Currently the WikibaseQualityConstraints stores data in a memcached cache, but there is no guarantee of how long that data will remain as it can be evicted.
In order to make data more persistent we want to store it in it's own sql DB table.
The schema could probably be something like ( entityId, timestampLastUpdated, blob ).
TBA how much data will this currently add to the wikidatawiki DB?
TBA Can we use Cassandra for the actual blob storage? just keeping the index of entities and dates in sql?
What will this allow
- The query service wants to be able to find constraint violations (T192565), so all entities will have to have constraint checks run (T201150) in order to have a complete set of data.

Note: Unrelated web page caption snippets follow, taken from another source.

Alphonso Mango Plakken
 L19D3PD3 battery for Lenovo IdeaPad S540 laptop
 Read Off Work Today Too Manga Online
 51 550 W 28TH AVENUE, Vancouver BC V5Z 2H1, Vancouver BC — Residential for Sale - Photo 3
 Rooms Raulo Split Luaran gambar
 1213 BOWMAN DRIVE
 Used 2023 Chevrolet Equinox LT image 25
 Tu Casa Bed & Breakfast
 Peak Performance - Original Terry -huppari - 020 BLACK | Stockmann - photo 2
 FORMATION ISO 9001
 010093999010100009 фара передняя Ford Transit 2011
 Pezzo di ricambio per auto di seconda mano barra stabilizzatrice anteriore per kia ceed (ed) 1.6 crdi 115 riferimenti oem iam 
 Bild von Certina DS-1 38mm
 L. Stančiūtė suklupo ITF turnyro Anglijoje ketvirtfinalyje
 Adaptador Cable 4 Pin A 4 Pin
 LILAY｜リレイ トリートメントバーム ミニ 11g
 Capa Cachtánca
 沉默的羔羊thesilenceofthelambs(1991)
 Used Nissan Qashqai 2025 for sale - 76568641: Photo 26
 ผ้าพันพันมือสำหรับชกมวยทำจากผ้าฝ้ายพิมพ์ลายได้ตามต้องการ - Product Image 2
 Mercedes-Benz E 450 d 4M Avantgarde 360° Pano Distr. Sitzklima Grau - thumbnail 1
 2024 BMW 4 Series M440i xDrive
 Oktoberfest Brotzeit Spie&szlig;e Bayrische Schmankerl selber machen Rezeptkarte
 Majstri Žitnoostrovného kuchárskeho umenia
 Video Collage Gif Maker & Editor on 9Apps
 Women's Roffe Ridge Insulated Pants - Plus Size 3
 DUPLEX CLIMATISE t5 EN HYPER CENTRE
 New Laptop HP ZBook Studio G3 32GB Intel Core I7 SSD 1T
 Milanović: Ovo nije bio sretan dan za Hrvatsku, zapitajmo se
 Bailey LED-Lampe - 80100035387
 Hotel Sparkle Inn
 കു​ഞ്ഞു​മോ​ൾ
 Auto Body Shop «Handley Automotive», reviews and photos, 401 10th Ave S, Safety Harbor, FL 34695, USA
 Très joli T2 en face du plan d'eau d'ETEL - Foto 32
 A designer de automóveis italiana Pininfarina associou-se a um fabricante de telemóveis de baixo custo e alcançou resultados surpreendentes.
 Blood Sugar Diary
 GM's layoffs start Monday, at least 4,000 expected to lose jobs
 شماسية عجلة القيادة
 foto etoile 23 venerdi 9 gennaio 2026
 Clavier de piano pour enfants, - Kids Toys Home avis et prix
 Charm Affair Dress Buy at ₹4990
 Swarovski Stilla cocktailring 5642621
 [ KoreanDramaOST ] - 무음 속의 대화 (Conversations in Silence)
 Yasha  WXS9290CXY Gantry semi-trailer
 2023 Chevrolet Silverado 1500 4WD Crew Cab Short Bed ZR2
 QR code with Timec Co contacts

There is no point in running the constraint check multiple times (if it drops out of the cache) hence the DB table.
- This will allow dumps of all entity constraint checks which will enable easy reloading of data into a query service server without hitting the API a bunch.
- The 'timestampLastUpdated' field will allow wikibase to inspect the oldest constraint check data and re run the checks for very old data points.
Acceptance Criteria
- Configuration switch to change between memcached storage and DB table storage (default to memcached)
- The DB table will have a primary key
- The DB schema should have DBA review once the sql is somewhere that they can see it (follow https://wikitech.wikimedia.org/wiki/Schema_changes#Advice_on_schema_changes)